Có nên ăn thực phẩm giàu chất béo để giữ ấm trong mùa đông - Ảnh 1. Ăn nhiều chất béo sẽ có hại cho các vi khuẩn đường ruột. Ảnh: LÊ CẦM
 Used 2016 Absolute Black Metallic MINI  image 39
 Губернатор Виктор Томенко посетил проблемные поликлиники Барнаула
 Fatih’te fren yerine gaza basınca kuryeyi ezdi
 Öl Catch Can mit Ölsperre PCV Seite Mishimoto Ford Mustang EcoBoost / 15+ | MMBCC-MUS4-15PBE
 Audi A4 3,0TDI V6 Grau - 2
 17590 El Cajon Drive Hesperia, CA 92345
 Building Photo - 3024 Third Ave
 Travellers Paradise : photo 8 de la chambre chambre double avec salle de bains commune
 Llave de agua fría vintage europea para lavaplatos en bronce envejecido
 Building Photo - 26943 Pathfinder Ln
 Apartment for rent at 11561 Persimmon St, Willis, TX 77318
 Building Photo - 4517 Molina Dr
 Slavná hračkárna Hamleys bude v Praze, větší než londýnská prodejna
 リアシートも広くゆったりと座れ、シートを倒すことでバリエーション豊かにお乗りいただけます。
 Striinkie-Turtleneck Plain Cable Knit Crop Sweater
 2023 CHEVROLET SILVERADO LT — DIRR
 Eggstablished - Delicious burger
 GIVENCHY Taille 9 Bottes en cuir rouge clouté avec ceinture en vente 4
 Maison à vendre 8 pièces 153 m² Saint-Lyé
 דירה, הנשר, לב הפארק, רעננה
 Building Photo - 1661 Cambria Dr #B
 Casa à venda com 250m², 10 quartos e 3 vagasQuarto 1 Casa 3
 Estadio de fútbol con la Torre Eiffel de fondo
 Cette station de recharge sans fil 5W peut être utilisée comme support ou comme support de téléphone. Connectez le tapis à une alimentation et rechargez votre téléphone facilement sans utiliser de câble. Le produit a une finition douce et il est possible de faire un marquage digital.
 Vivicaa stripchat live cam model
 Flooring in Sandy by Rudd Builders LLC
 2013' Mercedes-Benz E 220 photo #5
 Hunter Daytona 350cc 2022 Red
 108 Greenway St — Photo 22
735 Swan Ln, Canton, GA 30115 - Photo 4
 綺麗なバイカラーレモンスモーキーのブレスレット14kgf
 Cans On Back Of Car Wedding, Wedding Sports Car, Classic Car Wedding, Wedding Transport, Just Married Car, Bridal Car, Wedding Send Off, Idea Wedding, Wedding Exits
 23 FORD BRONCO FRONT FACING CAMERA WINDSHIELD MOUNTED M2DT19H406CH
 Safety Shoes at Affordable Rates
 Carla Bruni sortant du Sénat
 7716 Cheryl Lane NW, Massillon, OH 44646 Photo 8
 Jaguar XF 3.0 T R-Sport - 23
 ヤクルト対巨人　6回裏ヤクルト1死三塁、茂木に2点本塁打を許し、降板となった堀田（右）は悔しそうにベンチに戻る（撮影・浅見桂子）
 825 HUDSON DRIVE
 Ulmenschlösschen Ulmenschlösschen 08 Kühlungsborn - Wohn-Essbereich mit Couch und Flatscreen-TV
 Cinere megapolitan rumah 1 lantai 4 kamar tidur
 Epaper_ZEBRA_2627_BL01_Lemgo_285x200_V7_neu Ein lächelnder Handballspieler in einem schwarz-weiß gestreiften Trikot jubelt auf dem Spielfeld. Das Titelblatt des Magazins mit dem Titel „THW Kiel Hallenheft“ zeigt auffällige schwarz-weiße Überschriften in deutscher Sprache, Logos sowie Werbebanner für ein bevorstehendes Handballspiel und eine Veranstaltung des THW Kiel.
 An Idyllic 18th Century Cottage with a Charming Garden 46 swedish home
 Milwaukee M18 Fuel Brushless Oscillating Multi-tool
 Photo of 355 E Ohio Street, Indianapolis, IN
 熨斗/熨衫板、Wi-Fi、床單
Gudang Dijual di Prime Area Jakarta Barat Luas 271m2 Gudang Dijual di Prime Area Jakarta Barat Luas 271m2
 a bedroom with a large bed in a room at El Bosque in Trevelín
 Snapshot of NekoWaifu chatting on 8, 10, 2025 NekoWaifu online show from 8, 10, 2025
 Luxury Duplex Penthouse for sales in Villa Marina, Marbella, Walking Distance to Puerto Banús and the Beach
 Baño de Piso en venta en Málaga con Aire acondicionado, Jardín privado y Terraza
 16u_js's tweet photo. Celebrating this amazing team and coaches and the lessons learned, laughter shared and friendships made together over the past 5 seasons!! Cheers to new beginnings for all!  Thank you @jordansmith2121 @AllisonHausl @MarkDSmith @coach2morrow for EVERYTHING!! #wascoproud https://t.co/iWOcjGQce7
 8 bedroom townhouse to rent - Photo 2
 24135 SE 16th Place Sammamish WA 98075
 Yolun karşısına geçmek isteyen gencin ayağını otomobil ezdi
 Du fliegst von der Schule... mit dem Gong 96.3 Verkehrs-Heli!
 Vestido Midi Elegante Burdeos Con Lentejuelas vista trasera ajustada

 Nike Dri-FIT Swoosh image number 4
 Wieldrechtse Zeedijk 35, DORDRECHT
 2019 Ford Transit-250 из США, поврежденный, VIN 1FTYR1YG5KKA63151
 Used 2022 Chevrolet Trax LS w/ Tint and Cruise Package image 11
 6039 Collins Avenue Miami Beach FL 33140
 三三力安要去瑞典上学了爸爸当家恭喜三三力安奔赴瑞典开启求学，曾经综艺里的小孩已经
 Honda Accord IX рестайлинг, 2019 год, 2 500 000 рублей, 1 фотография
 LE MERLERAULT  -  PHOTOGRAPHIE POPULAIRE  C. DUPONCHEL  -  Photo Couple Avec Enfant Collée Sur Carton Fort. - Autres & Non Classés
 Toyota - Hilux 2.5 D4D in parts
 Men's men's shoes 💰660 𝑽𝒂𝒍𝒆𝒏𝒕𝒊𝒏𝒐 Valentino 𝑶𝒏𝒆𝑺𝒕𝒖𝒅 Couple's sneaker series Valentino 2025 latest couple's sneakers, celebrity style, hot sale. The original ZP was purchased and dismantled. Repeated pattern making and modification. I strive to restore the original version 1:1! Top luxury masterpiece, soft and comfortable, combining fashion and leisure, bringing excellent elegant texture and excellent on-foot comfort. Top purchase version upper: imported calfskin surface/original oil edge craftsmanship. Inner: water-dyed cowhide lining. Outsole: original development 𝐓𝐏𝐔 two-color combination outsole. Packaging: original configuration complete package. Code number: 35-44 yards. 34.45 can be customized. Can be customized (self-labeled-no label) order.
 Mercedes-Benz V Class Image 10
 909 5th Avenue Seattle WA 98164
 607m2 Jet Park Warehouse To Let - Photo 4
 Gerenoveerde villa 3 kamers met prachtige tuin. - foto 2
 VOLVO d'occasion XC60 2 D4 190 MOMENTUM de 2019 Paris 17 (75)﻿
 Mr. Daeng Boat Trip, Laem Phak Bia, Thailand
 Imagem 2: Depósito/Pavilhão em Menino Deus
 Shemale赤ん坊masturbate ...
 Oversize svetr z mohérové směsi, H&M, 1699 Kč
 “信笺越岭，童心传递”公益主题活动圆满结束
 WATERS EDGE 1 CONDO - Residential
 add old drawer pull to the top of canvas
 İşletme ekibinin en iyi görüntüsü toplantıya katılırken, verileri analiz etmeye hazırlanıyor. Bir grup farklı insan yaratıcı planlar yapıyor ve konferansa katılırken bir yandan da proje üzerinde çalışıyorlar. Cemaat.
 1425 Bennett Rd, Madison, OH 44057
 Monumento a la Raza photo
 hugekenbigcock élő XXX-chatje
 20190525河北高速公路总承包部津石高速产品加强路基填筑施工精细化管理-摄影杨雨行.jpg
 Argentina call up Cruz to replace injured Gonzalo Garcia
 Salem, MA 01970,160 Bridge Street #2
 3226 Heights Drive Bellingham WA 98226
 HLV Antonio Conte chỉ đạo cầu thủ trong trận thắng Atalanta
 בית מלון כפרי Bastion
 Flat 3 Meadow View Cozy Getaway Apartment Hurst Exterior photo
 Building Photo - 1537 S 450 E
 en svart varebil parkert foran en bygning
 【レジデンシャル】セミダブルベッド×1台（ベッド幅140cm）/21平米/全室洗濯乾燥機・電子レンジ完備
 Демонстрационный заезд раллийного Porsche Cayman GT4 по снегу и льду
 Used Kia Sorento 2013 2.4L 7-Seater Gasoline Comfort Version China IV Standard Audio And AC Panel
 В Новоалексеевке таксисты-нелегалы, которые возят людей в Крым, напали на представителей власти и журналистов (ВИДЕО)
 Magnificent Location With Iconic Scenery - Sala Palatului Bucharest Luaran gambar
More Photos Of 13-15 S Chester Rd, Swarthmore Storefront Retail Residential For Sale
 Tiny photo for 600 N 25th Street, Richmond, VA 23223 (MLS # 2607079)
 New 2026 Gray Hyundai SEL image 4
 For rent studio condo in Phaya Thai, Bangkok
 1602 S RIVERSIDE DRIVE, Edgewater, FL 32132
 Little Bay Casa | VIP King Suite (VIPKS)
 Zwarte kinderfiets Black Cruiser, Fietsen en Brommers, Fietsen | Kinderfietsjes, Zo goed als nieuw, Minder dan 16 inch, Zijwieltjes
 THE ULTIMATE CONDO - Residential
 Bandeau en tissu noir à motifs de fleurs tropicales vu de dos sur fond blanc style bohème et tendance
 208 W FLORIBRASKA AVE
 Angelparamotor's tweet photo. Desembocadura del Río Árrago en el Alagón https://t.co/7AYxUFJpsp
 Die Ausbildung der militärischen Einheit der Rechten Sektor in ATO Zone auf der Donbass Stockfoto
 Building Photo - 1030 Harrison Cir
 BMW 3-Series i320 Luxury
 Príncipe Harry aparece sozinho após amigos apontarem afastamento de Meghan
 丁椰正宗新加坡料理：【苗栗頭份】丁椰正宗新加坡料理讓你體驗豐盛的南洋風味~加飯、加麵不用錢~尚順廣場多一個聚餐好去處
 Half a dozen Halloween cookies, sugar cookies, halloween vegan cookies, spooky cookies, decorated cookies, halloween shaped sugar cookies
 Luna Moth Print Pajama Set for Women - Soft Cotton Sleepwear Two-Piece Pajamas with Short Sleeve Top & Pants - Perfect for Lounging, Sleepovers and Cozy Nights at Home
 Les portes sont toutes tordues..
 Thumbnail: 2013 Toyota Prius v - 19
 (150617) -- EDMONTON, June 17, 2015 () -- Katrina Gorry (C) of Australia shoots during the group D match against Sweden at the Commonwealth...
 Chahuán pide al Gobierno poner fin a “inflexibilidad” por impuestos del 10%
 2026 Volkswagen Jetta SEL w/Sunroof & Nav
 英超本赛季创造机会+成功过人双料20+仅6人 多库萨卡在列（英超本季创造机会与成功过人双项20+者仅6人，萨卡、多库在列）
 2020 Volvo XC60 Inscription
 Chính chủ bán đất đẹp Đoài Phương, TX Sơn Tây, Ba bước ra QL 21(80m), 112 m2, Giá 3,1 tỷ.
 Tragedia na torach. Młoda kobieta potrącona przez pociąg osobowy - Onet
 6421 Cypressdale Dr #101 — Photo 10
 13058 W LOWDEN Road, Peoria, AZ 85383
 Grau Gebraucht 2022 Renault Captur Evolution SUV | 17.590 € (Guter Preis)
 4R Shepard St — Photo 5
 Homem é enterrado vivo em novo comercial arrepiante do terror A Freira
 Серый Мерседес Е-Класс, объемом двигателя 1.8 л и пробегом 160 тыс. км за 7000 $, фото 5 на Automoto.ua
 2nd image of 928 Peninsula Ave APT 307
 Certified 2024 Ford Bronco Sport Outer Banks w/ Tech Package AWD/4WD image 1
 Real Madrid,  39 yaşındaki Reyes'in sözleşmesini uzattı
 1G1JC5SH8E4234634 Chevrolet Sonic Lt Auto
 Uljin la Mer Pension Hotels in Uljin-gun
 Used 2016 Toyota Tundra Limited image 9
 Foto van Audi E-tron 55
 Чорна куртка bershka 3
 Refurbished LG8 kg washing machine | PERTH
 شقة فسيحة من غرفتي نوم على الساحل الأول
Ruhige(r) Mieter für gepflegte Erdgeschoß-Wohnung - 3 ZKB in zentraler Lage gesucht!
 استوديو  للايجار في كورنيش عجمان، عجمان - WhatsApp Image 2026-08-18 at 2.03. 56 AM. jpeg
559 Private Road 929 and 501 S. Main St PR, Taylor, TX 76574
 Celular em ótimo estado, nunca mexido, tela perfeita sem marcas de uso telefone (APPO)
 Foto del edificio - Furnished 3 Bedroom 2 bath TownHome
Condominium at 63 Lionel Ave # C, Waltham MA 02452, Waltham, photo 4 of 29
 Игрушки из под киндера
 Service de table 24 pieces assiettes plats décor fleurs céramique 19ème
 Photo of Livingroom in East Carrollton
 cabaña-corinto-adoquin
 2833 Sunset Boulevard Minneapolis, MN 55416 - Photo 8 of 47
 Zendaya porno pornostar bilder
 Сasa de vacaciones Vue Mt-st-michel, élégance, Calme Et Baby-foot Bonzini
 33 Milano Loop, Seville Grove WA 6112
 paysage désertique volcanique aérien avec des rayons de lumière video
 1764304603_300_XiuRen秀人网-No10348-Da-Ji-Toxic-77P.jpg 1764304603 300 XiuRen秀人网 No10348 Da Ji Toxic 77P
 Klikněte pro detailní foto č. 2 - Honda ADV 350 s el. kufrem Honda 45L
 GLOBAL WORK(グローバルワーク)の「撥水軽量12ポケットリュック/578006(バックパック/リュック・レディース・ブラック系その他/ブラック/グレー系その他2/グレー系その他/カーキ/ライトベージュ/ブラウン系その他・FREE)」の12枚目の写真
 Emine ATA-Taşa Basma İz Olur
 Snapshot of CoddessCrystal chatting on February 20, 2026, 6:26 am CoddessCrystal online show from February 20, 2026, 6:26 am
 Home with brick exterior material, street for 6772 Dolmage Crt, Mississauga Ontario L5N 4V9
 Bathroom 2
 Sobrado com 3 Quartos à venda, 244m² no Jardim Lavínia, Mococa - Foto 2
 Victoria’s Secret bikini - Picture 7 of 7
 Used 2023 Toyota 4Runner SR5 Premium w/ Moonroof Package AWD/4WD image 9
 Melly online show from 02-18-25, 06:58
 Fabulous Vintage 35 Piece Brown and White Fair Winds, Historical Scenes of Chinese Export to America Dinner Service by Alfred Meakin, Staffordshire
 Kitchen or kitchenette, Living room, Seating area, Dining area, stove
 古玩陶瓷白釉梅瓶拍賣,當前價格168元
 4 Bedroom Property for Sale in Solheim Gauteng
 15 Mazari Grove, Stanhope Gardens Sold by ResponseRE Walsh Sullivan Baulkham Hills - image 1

────────

Problem -
Word for word, restate the lines of the listing above starting at the line with "Safety Shoes at Affordable Rates" and ending at the line with "Epaper_ZEBRA_2627_BL01_Lemgo_285x200_V7_neu Ein lächelnder", and nothing outside them.

Answer to the problem -
 Safety Shoes at Affordable Rates
 Carla Bruni sortant du Sénat
 7716 Cheryl Lane NW, Massillon, OH 44646 Photo 8
 Jaguar XF 3.0 T R-Sport - 23
 ヤクルト対巨人　6回裏ヤクルト1死三塁、茂木に2点本塁打を許し、降板となった堀田（右）は悔しそうにベンチに戻る（撮影・浅見桂子）
 825 HUDSON DRIVE
 Ulmenschlösschen Ulmenschlösschen 08 Kühlungsborn - Wohn-Essbereich mit Couch und Flatscreen-TV
 Cinere megapolitan rumah 1 lantai 4 kamar tidur
 Epaper_ZEBRA_2627_BL01_Lemgo_285x200_V7_neu Ein lächelnder Handballspieler in einem schwarz-weiß gestreiften Trikot jubelt auf dem Spielfeld. Das Titelblatt des Magazins mit dem Titel „THW Kiel Hallenheft“ zeigt auffällige schwarz-weiße Überschriften in deutscher Sprache, Logos sowie Werbebanner für ein bevorstehendes Handballspiel und eine Veranstaltung des THW Kiel.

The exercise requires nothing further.